Sending Tenable.ot Alerts to QRadar

Overview

In order to send Tenable.ot alerts to QRadar, you first need to configure Tenable.ot for your QRadar system. Then, for each relevant Policy, you can specify QRadar as a target for receiving alerts.

Connecting QRadar to Tenable.ot

To connect your QRadar Syslog server to Tenable.ot:

  1. In the Tenable.ot console, under Local Settings, go to the Servers > Syslog Servers screen.
  2. Click + Add Syslog Server. The Syslog Server configuration window is displayed.

  3. In the Server Name field, enter a name for your QRadar system.
  4. In the Hostname\IP field, enter the IP address of your QRadar system.

  5. In the Port field, enter the port number on the QRadar system to which the events will be sent. (Default value is 514)

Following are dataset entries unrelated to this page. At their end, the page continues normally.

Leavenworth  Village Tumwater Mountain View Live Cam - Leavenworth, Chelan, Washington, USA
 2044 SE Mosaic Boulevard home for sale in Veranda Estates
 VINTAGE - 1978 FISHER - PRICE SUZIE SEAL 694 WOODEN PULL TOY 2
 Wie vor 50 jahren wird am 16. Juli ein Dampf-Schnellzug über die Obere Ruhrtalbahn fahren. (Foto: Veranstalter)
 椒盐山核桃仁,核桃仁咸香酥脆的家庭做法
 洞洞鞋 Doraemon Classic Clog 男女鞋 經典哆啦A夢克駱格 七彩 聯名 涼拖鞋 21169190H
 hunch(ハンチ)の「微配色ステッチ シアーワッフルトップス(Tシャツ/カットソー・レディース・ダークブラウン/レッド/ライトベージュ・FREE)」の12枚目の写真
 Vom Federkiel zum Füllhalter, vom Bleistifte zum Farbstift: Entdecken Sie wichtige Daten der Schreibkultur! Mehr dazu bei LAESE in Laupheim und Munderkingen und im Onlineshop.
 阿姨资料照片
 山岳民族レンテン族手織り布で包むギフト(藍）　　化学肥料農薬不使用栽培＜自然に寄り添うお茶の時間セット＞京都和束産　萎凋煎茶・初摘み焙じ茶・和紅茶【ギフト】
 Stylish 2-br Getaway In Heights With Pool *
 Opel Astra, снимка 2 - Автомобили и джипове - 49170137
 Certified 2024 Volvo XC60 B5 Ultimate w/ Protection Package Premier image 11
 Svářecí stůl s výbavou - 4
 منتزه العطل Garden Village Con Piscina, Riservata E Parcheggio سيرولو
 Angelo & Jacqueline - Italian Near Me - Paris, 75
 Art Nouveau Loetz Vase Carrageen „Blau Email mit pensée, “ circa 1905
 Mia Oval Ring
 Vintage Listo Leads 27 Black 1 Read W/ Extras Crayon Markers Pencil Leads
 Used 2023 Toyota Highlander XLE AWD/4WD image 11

  6. In the Transport field, select from the dropdown list the transport protocol to be used. (Options are TCP or UDP)

  7. Click Send Test Message to send a test message to verify that the configuration was successful, and check if the message has arrived. If the message did not arrive, then troubleshoot to discover the cause of the problem and correct it.

  8. Click Save.

Specifying QRadar as a Target for Policy Alerts

To configure a policy to send alerts to QRadar:

  1. Create a new Policy or edit an existing Policy.
  2. Fill in all fields as needed.
  3. On the Policy Actions page, under Syslog, select your QRadar system.

  4. Click Create (or Save if you are editing a Policy).

To configure multiple Policies (bulk process) to send alerts to QRadar:

  1. On the Policies screen, select the checkbox next each of the desired Policies.
  2. Click on the Bulk Actions menu and select Edit from the dropdown list.

  3. The Bulk Edit screen is shown with the Policy Actions available for bulk editing.

  4. Under Syslog, select the checkbox next to your QRadar system.

  5. Click Save.

    The Policies are saved with the new configuration.